I think something that hasn't been highlighted as much, is that there have been definite shifts in asthetic ideals over time. On average, conductors today prefer cleaner orchestral sounds and a less "big" sound. I just prefer the older recordings, although I recognise that others may prefer the newer style. And I don't think this is an age thing, I'm in my early twenties. Another thing people have brought up is the higher technical standards in today's' orchestras; although this may be true for some lesser-known orchestras, the really big name orchestras, like the VPO or BPO, have always had very high standards to the point I don't think they can meaningfully be improved upon.

The one exception, as many have mentioned, is opera singers. Old opera singers are just, on average, better.


----------



## TwoFlutesOneTrumpet (Aug 31, 2011)

BachIsBest said:


> The one exception, as many have mentioned, is opera singers. Old opera singers are just, on average, better.


This is interesting. Why is that? Fewer people choose singing nowadays? 
I don't much care for opera so it's not an issue for me but I am curious. I have seen so many top opera recommendations from the 50s and 60s.


----------



## BachIsBest (Feb 17, 2018)

TwoFlutesOneTrumpet said:


> This is interesting. Why is that? Fewer people choose singing nowadays?
> I don't much care for opera so it's not an issue for me but I am curious. I have seen so many top opera recommendations from the 50s and 60s.
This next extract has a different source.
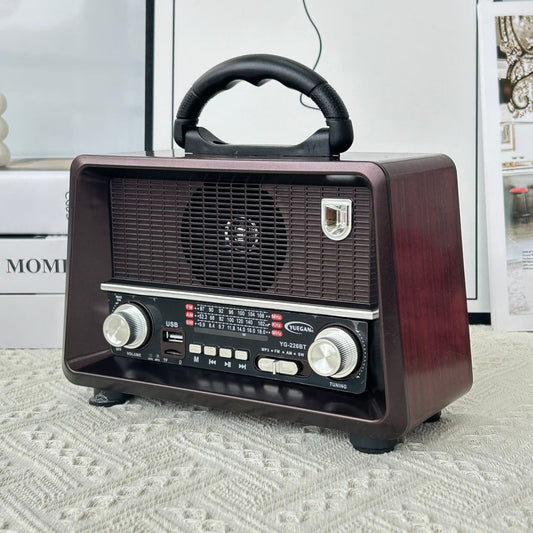 L'Écho Impérial : Radio & Haut-Parleur YG-227BT Bluetooth — vue 2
I honestly don't know; if you figure it out, let me know, but more importantly, let the opera singers know.


----------



## Brahmsianhorn (Feb 17, 2017)

If you have no heart, then modern clinical performances will appeal to you and the daringly insightful performances of the past will seem trivial.

There is no need to discuss this further. Enjoy your Szell and Honeck.


----------



## Heck148 (Oct 27, 2016)

Torkelburger said:


> .....I don't have too many recordings prior to the late 60's. Just a few and I don't listen to them very often.


You are missing some of the greatest recordings....many of the mid-late 50s, 60s recordings have very excellent sound quality... the master tapes are often very fine, the weak link was always in cutting the LPs..



> The main reason is in fact the sound, though, mainly the "tinny" sound of the strings. It's too strident and piercing and unnatural to me. Also, the woodwinds usually sound thin.


Yes, pre -1950 there are often serious problems, the frequency range is limited, and the equalization all over the place....you can't tell a flute from a violin from a high trumpet.



> The second reason is that the orchestral technique was just not as good pre-1970.


Among the very top ensembles, no, this is not true...I don't find today's best to be really any better than yesterday's best....presently there is great technique, but I think past great orchestras had that technique, plus the great unity of ensemble, style, tone, articulation....great conductors built their orchestras to their desired sound ideal...orchestras had a unique, individual sound....I miss that...what has dramatically improved is the quality of the so-called 2nd, 3rd tier orchestras....the plethora of fine musicians had led to a huge improvement in the quality of the 2nd or 3rd rank ensembles...they are now really good, if not quite at the top.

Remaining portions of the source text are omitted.